These are hard and definite records.

But you must picture to yourselves Frederick Charrington and Ion Keith-Falconer accompanied by their friends, night after night – in all weathers – conducting their campaign amid the jeers and obloquy of the mob.

Often, from the upper windows of the music hall they were drenched with flour, red ochre, and even more horrible things than these.

But Frederick Charrington stood there undaunted. His physical courage was supreme. His moral courage was even greater than that. He was determined upon the work which God had set him – he did not flinch nor falter.

What he must have endured I only faintly hint at. It is not my design to draw a lurid picture of that ascetic abnegation, that utter throwing away of all that makes life sweet, which was his cheerful, daily portion.

But I remember an old Cornish woman, whom I met on a wild, heath-covered moor upon a windy Sunday afternoon, when we were both leaving a little granite meeting-house, where a rugged, moorland farmer had spoken of his spiritual experience, and his fresh-cheeked daughters and their friends had sung hymns to the accompaniment of an harmonium, hymns which were drowned by the rushing mighty winds.

The old lady, whom I helped over the rough tussocks of grass – she is dead now, and, I am sure, in Heaven – turned to me, coughing and spluttering, when we had for a moment some shelter from the wind.

"Ah!" she said, referring to the words of the preacher, "Jesus belonged to have a brave, bad time! 'Twas a bitter nailing, sir, 'twas a bitter nailing!"

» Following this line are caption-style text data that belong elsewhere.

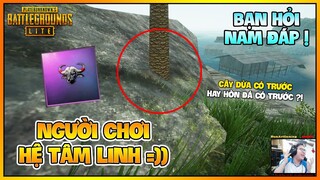 KHI NGƯỜI CHƠI HỆ TÂM LINH MỞ HÒM TRONG PUBG, CHUYÊN MỤC BẠN HỎI NAM ART ĐÁP =))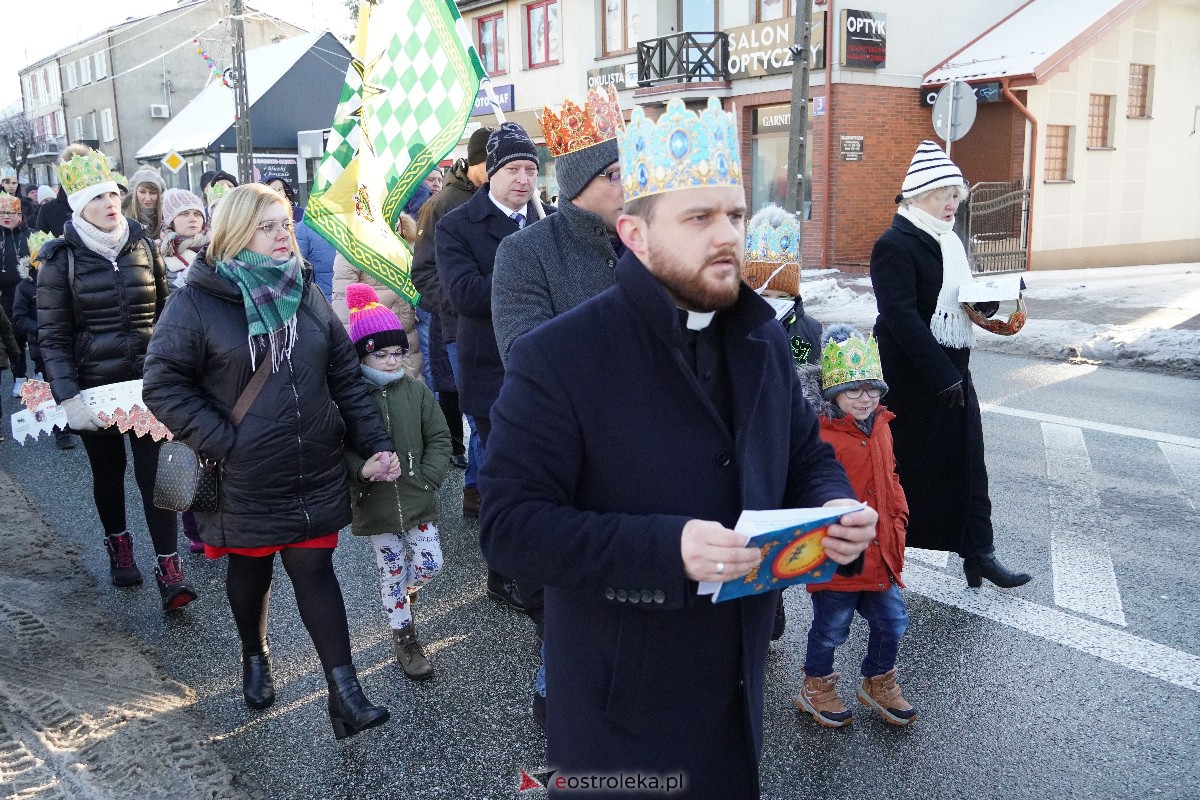 Orszak Trzech Króli w Myszyńcu [06.01.2024] - zdjęcie #204 - eOstroleka.pl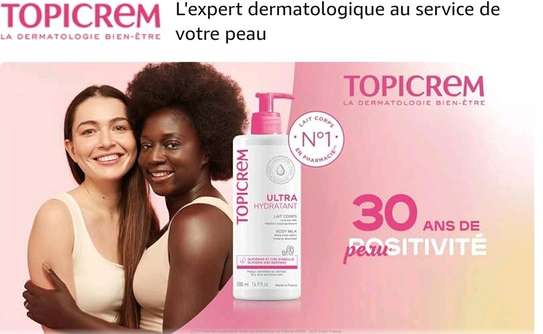 Topicrem Crème pour le corps 1000 ml image 2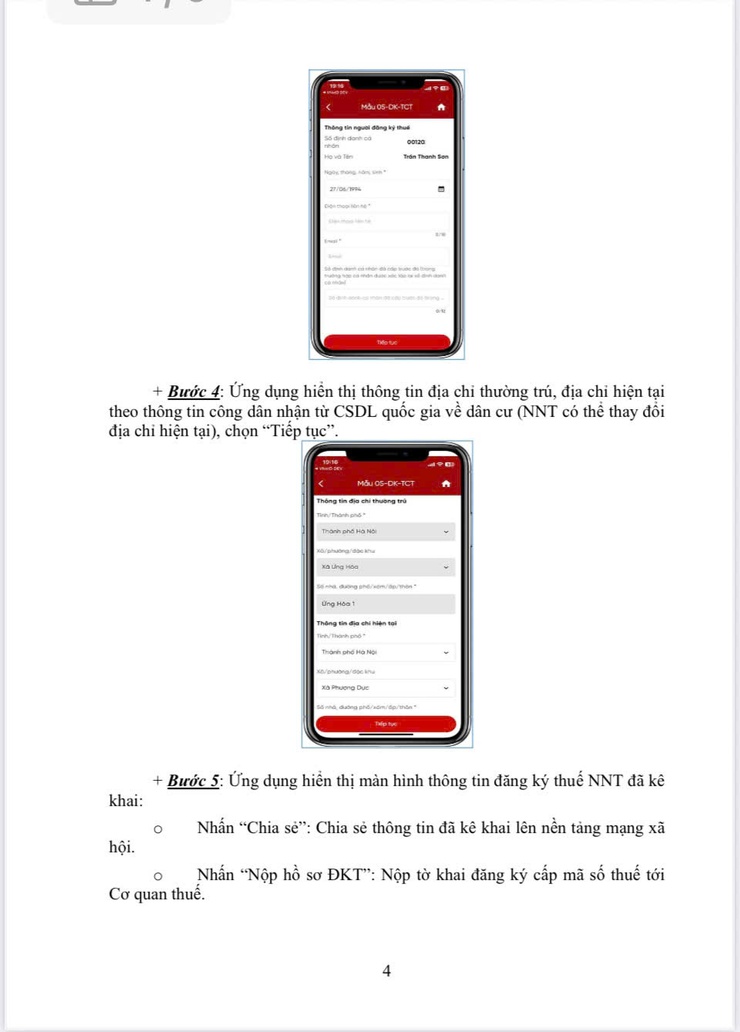Hướng dẫn cài đặt etax mobile và thực hiện nộp thuế SDĐPNN năm 2026 - Ảnh 4.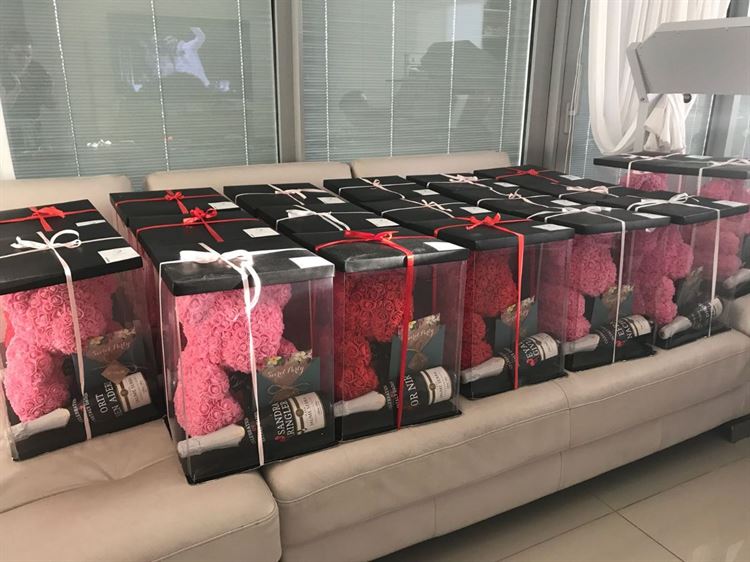 וואו: מתנות ממותגות שחולקו במסיבת יום ההולדת של נטלי דדון (צילום: באדיבות ציפי בן שושן)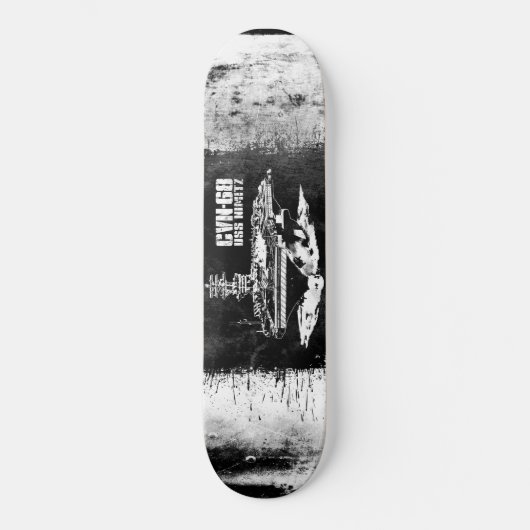 Vliegtuig vervoerder Nimitz Skateboard (Voorkant)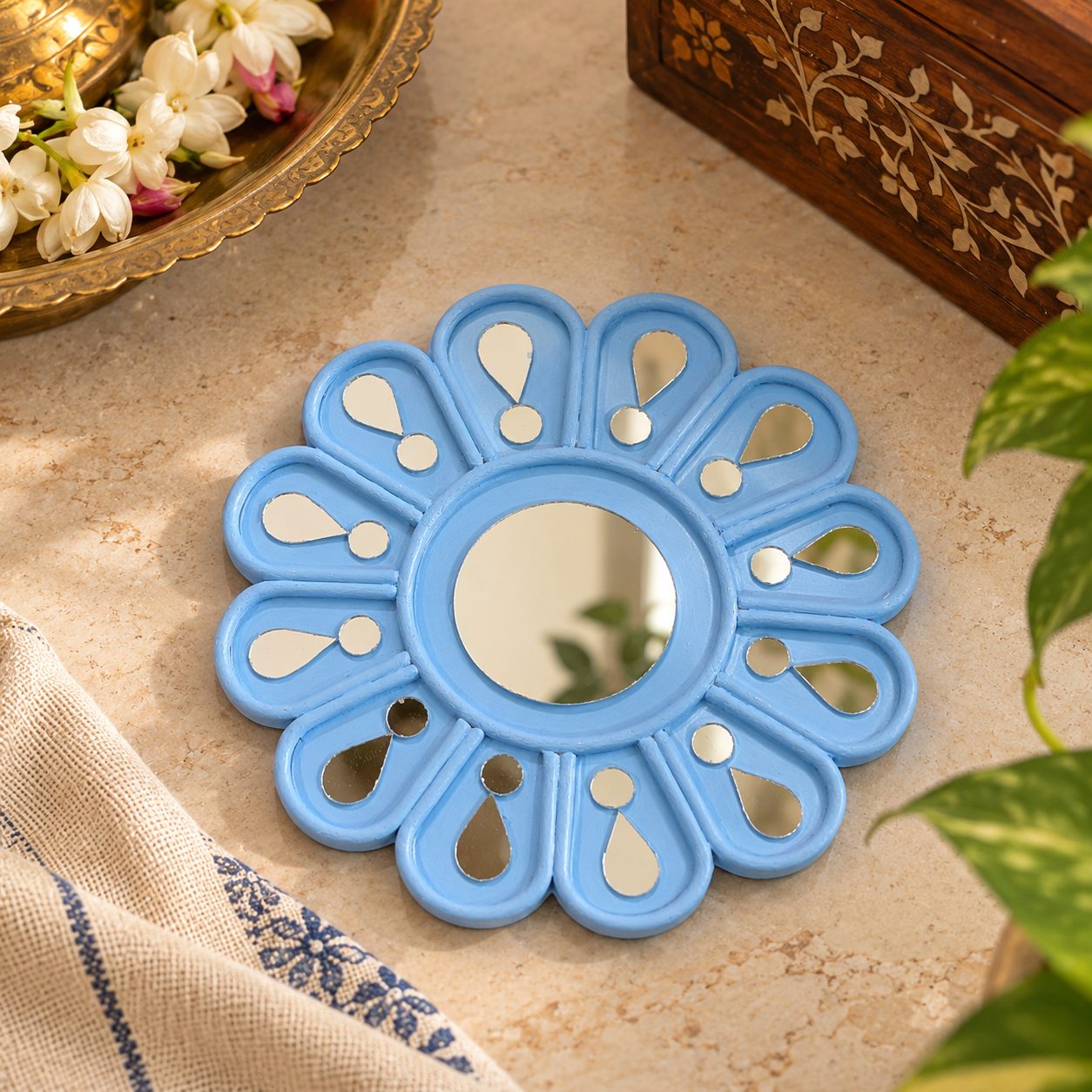 Suryamukhi Sky Blue
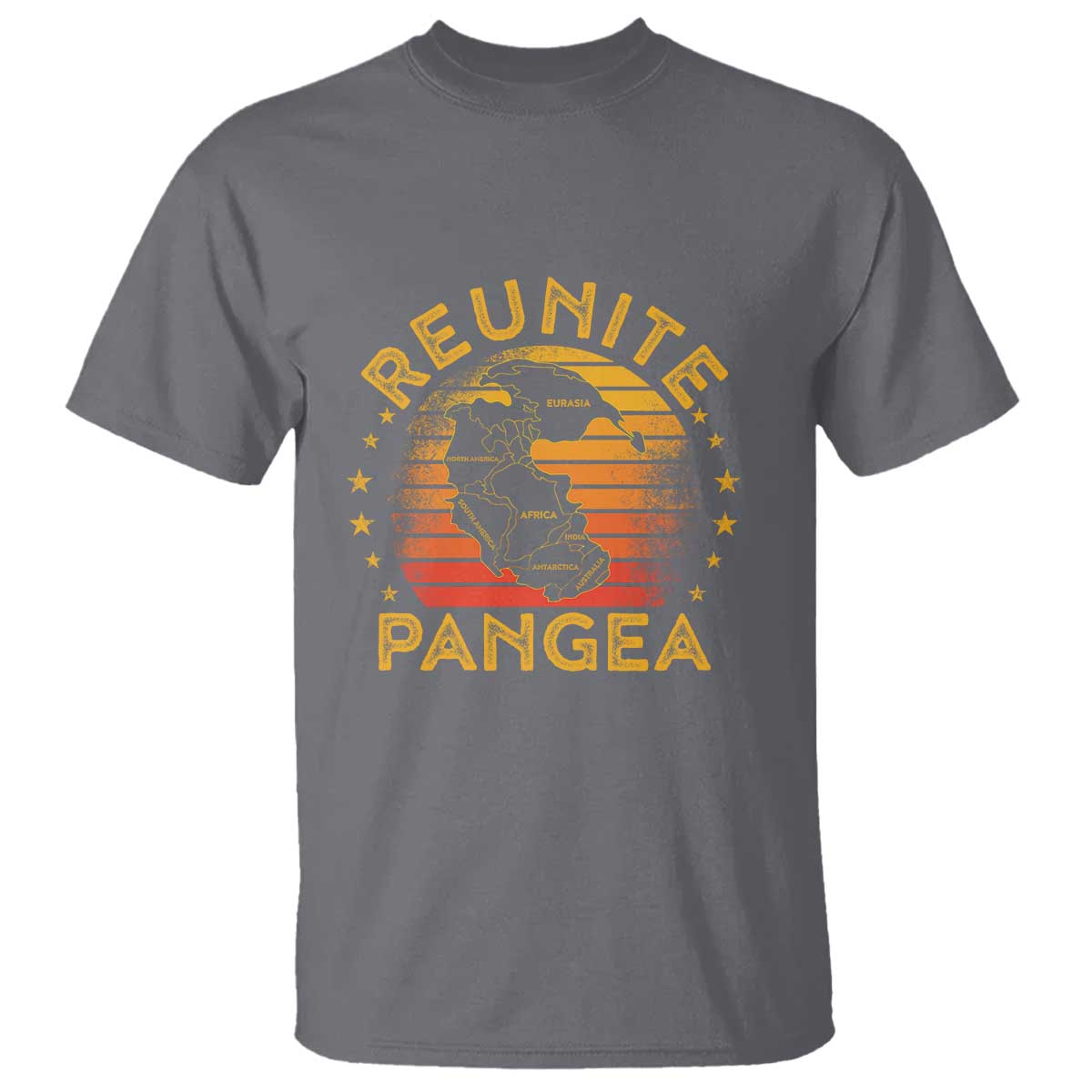 Funny Geologist Reunite Pangaea T Shirt
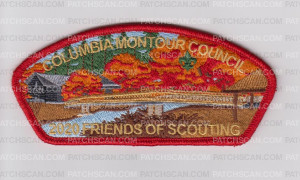 Patch Scan of Columbia Montour CSP Autumn 2020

That is the note – that is the right note in which, I think, we ought to revere in memory those strenuous days when Frederick Charrington dared everything for the Lord.

CHAPTER VI
THE FIGHT ON THE LONDON COUNTY COUNCIL

The personal campaign against Lusby's Music Hall, the astounding details of which are found in the preceding chapter to this, was complemented by Mr. Charrington's work upon the London County Council, to which we find him elected as member for Mile End.

Some one has told me that after Mr. Charrington was returned to London's local Parliament, one of his congregation at the Great Assembly Hall remarked that he ought to be known from henceforth as "the member for Religion." Certainly, Mr. Charrington immediately recommenced his efforts to purify London, and these attempts – upon such a public stage – made his name known to almost every one in England in a very short space of time.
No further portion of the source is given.